十数年前、「嫌煙権」という言葉が世の中にお目見えした頃のことだ。 当時ぼくはJRで通勤していた。 電車内での喫煙は、まだ普通に行われていて、世間もそれほどやかましくは言ってなかった。
ある日の会社帰り、ぼくは小倉駅で時間待ちしていた電車に乗った。 発車時刻までまだ時間がある。 乗っている人もまばらだったので、ぼくはタバコを吸い始めた。 半分くらい吸い終えた時だった。 けっこう離れた席に座っていた20代くらいの女性がぼくのところにやってきて、「すいません。タバコをやめてもらえませんか」と言った。 ぼくが「ああ、嫌煙権ですか?」と聞くと、その女性は「いや、そんなんじゃないんですけど、私タバコの煙がだめなんです」と言った。 「わかりました」とぼくは言い、タバコの火を消した。 しばらくして、発車時刻も迫り、だんだん人が多くなってきた。 すると、どこからともなくタバコの臭いがしてきた。 誰が吸っているのかと思い、顔を上げて見回すと、ぼくに意見してきた嫌煙権女のすぐそばで、強面のおっさんがタバコを吸っている。 あの女どうするかなと思って見ていると、意見するでもなく、黙って本を読んでいる。 「おいおい、タバコの煙が死ぬほど嫌だったんじゃないのか。 それとも何か。 ぼくのタバコの煙はだめで、おっさんの煙ならいいとでもいうのか。 確かに相手は強面だが、あんたは人を選ぶのか。 自分の主張を貫けないような嫌煙権ならやめてしまえ」 と、ぼくはその時思った。

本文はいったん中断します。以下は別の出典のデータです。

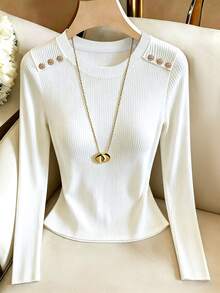 Rafferiza Women's White Ribbed Crew Neck Shoulder Button Long Sleeve T-Shirt, Slim Fit Elastic Flattering Early Autumn Commute Knit Base Layer Top - White - View 3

その後時代は進み、現在我々喫煙家は、実に肩身の狭い思いをしている。 ファミレスの喫煙席は、いつも満員だ。 そのため、禁煙席に回される。 電車や飛行機の中では吸ってはいけない。 駅では灰皿をホームの隅っこに置かれる。 そこで吸っていても白い目で見られる。 以前、ホームの隅っこでタバコを吸っている時、ぼくのいる位置から5メートルほど離れたところに、マスクをしたばあさんがいて、迷惑そうな顔をしてこちらを睨んでいる。 そしてわざと咳払いを繰り返している。 調べてみると、ぼくのほうが風上で、煙がばあさんのほうに流れて行っているのがわかった。 しかし、いくら煙が流れて行こうとも、ぼくはちゃんと所定の場所で吸っているのだ。 ここ以外のどこで吸えと言うのだ。 嫌なら、ばあさんのほうが場所を移ればいいじゃないか。 あんたの体臭や、膏薬の臭いほうが、よっぽど迷惑だわい。
よく「あなたの吐く煙が、私の健康を害す」と言うが、こちらにも言い分がある。 「あなたたちを気遣ってタバコを我慢しなければならない。そのストレスが、私の健康を害す」 こう言うと、喫煙家の勝手な言い分だと言われるが、元はと言えば、そちらの「私が迷惑しなければ、あんたのことは知ったこっちゃない」という身勝手さから始まったものじゃないか。 本当の愛煙家といものは、周りの人を気遣い、吸う場所も充分にわきまえている。 あたりかまわず吸っている、カッコつけの兄ちゃんたちといっしょにしないでほしいものだ。
さて、タバコの話は以前にもしたことがある。 では、なぜこの話をまたするのか。 それは今月の頭にさかのぼる。 実は店長が換わったのだ。 以前の店長は喫煙家だったが、今度の店長はまったくタバコを吸わない。 赴任してからの第一声が、「タバコは体に悪い」だった。 そのため、勝手に禁煙タイムを作り、喫煙場所まで決めてしまった。 こちらは、吸えないわけではないから別にいいやと思っていたのだが、最近になって、所定の場所で吸っていてさえも、変な目で見られるようになった。 この視線を感じるようになって、ぼくは自分の店でタバコを買うのをやめた。 先月までは、タバコをひと月分買いだめしていたのだが、このことがあってから、「売り上げ協力して歓迎されない店で、誰が買うか!」という気分になったのだ。 とにかく、タバコを吸う人を悪人を見るような目で見ることはやめてほしいものだ。
嫌煙権というものを許すのなら、喫煙権というのも認めるべきである。 もう、嫌煙家の言いなりにはならないぞ!